秦文摇了摇头说:“没有别的方法,要么把他全都赶到海里去,要么就震慑住他们不敢出来作案。”
巫云静静地站着,半晌也没有说话。
看着巫云悲天悯人的样子,秦文不禁有些吃惊,方芳、苏晓等北派女子,无一不是出手狠辣的女汉子,可北派的首领竟然是这样一个人吗?
不过想想他也释然了,毕竟,在这个世界上,不是每个人都愿意像巫云这样在终南山做一个隐士,他们还要生活,还要活着。
还有些人为了满足自己无法填满的欲望也不愿待在深山里,自然走向那个花花世界,寻些可以胜任的工作来做。
“你怎么也会黄金错骨手?”秦文终于忍不住问。
巫云笑了笑说:“黄金错骨手本来就是我的东西。”
秦文突然怔住,他可是记得金不换曾经说过,那是他在道士的墓室里得到的功法,后来熊霖还因为得到的功法用尽了诡计。
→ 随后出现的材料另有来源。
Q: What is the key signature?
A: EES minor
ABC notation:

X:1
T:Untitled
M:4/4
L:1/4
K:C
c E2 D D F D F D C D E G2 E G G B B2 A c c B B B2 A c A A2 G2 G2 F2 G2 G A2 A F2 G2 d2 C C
“可是……我听说那是道士的东西……”秦文眨巴着眼睛。
巫云叹了口气又坐了下来,就坐在秦文对面。缓缓地说:“当年,我喜欢熊霖,金不换喜欢我,我就违背了我对师傅的诺言,偷偷把他们带到了这地宫之中,但我不敢让他们去太多的区域,在他们得到了一些功法后就想办法让他们离开了……“
秦文突然觉得一切都好不真实,熊霖和金不换那两个老头子还在那儿争来争去,还自以为自己对这地宫有多了解,他们又哪里知道他们所得到的一切都是巫云给他们的。
“那熊霖和金不换知道吗?”秦文迫切想知道。
巫云摇了摇头,叹道:“我对师傅承诺过不能把那些功法送人,也不能带人来地宫,我从来没有跟他们两个说起过真相,金不换愚笨些,应该还不知道,但熊霖……哎!他太聪明,应该是猜到了。”
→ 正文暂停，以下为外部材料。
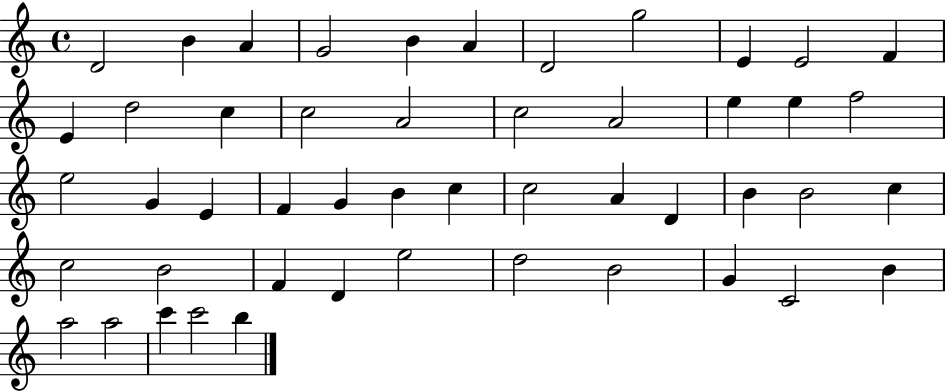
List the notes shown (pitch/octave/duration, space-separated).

巫云的脸上还是蒙着一层淡淡的白雾,让秦文看不清她的脸。
但秦文却能感受到她此时脸上表情的复杂,有夸赞心上人时的自豪和甜蜜,也有无尽的酸楚和痛苦。
秦文在心里暗叹一声,巫云对熊霖的爱持续了几十年,一直浓烈,她为了自己的心上人有一身好功夫,不惜违背了对师傅的诺言。
“你为什么又要告诉我?”秦文不解地问。
“前些日子你妈妈来找过我了。”巫云的声音轻颤了颤。